When asked to comment about the latest TRO granted against Abel as well as the previous TROs granted against three other advisors, a spokeswoman for Morgan Stanley replied: "Morgan Stanley expects all former employees to comply with their legal and contractual obligations to the firm."

Sullivan says WealthSource Partners’ "ability to recruit effectively from firms like Morgan Stanley and UBS" is impacted by their exit from the broker protocol, which is "obviously their point."

He adds: "There’s really no protection from litigation from those firms."

WealthSource Partners is aiming to grow its client assets tenfold to $5 billion in 2021 from $540 million at the end of 2016, Sullivan says. Much of that growth projection is tied to the company’s organic growth and its ability to take on new client assets coming in from new advisors joining the company with their books of business.

Phil Shaffer, a Columbus, Ohio-based advisor who left Morgan Stanley before it exited from the broker protocol to set up his new practice, Halite Partners, in June, says the transition wouldn’t have been as straightforward if he had left the wirehouse after it exited the broker protocol.

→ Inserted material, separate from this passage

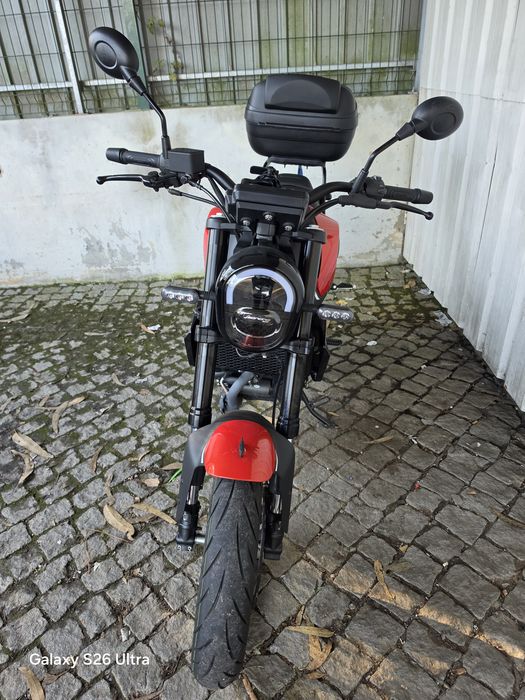 Benelli Leoncino 125cc  Garantia 05/2027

He says he was able to bring $1 billion in client assets from Morgan Stanley to his new firm, where he is CEO, and says there is up to $3 billion more in transit.

Shirl Penney, the New York-based president and CEO of Dynasty Financial Partners, which provides services to broker-dealer teams that want to become independent RIAs, says advisors are feeling "frustrated" that wirehouses that exit the broker protocol are "taking a stand that they own their client relationships versus the advisor."

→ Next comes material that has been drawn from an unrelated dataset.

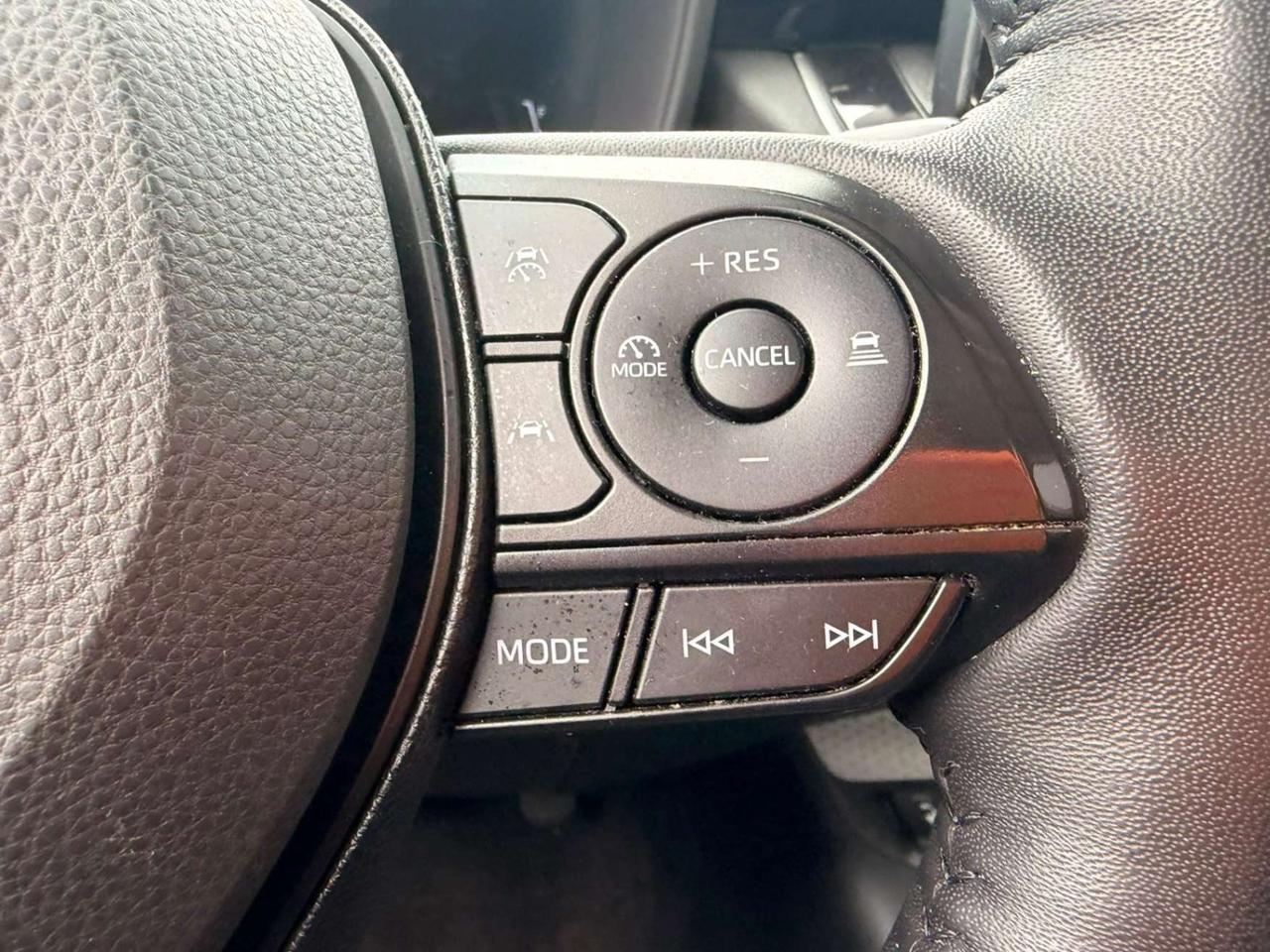 2025 Toyota Corolla Hybrid LE CVT AWD Photo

He adds that advisors are also wondering if any regulatory body will engage if the exits from the broker protocol "meaningfully" impact consumers.

Finra has said it isn’t going to intervene in the "who-owns-the-customer" debate that’s resurfaced in the financial advisory industry because of the high-profile exits from the broker protocol.

The broker protocol "is an agreement between the firms, so Finra is not part of it," a Finra spokeswoman tells FA-IQ in reaction to suggestions received by the publication about the regulator’s role in defining who owns the customer -- the broker-dealer firms or the advisors.

WealthSource Partners’ Sullivan believes the voluntary adoption of the broker protocol, which has more than 1,700 signatories, is "good for the industry and good for clients."

He says the broker protocol recognizes that clients make their own choices about which firms they want to work with.

"A reversion from that policy puts the industry, the advisors and their clients all at odds with each other," he says. "It’s now as if Morgan Stanley and UBS have said, ’It’s our ball, we’re taking it with us and going home.' It’s bad for everyone."

Morgan Stanley, UBS and Citigroup have tied their decision to exit the broker protocol to advisor retention initiatives.

Morgan Stanley included its decision to exit the broker protocol in an announcement it made in late October about a "new talent investment strategy." In that announcement, the wirehouse said the broker protocol "is no longer sustainable" in its current state. It claims the agreement "has become replete with opportunities for gamesmanship and loopholes" within the industry. Morgan Stanley stated that firms have "opportunistically joined" the protocol to make a strategic hire and then withdrawn; invoked the protocol's benefits when hiring while using non-protocol affiliates to circumvent its rules when losing talent; and unilaterally made exceptions to the scope of the protocol.

UBS Wealth Management Americas President Tom Naratil has said, after its exit from the pact, that UBS’s top priority is helping its advisors reach their full potential, not recruiting advisors from its competitors.

Citigroup said it was acting in a way that is "similar to others in the industry."